# Oriental Pasta Salad



## kitchenelf (Mar 14, 2002)

This is a great pasta salad and everyone has to make it for "homework"  

1# pasta twists (rotini)
1 small bunch broccoli flowerettes
1-2 carrots, sliced
1/2 to 1 box sliced mushrooms
1/2 to 1 cup sliced scallions

SAUCE:
2 TBS rice wine vinegar
6 TBS peanut oil
2 tsp. ginger (or fresh grated - 1 tsp)
1 tsp. oyster sauce
2 TBS soy sauce
1 clove garlic, crushed
Chinese hot oil - to taste
salt to taste (taste first!!!!)
Szechuan pepper to taste (ground)

Combine all the ingredients for the sauce and set aside.

Cook pasta.  Steam broccoli, carrots, and mushrooms - mostly to bring out the color of the broccoli and carrots but to somewhat cook also.

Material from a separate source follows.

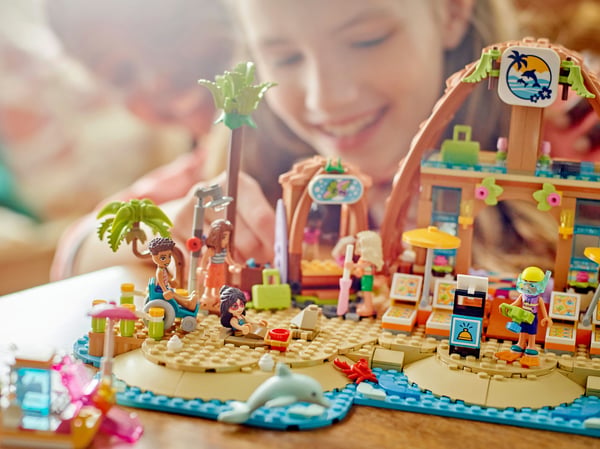 LEGO Friends 42673 - Hela familjens semesterort vid havet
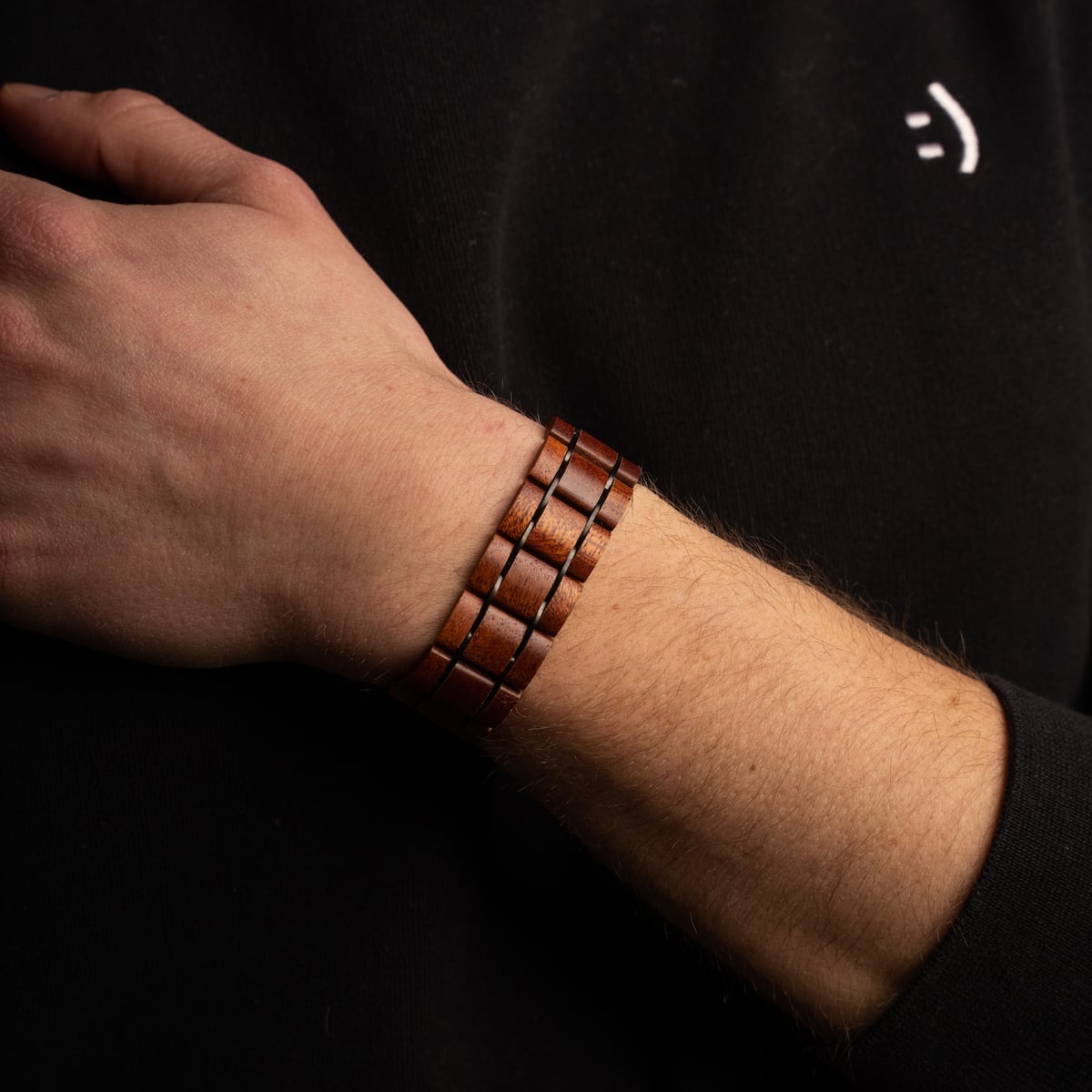 "Grandezza bracelet featuring a mahogany and gray design, showcasing a stylish and elegant look."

Put sliced scallions in bottom of bowl and place cooked veggies on top.  Toss in cooked, drained noodles then add sauce and toss well.

This is good served warm or cold.  You could add cubes of grilled teriyaki chicken to make this a "whole" meal.  

I usually double the sauce  .  

You'll all get graded on this tomorrow so you better do your homework!!!!!


----------



## cookies140 (Mar 16, 2002)

This will have to be my daughter's homework as I live alone and couldn't eat that much but she adores this kind of food.  Recipe looks yummy.


----------



## SierraCook (Jul 22, 2005)

Wow, kitchenelf that sauce looks awesome.  I agree about doubling the sauce.  I usually always double the sauce or dressing.  Then it can be used on other things.


----------



## secretgarden (Jul 24, 2005)

*Oriental Pasta*

I have made a similar recipe and used the stir fry vegatables instead. Found that to be easier and my sauce isn't really what I like. I'm going to try yours.


----------



## jkath (Jul 24, 2005)

elf this looks great!
Question - is there anything you'd recommend as a substitution for oyster sauce?


----------



## kitchenelf (Jul 24, 2005)

No, unless you just leave it out - but it is an integral part of the whole sauce - is it that you don't like it?  Or just don't have it.  It does not taste like oysters - and with many of these Asian strong-flavored sauces it's best not to take a taste - just use it in the recipe.


----------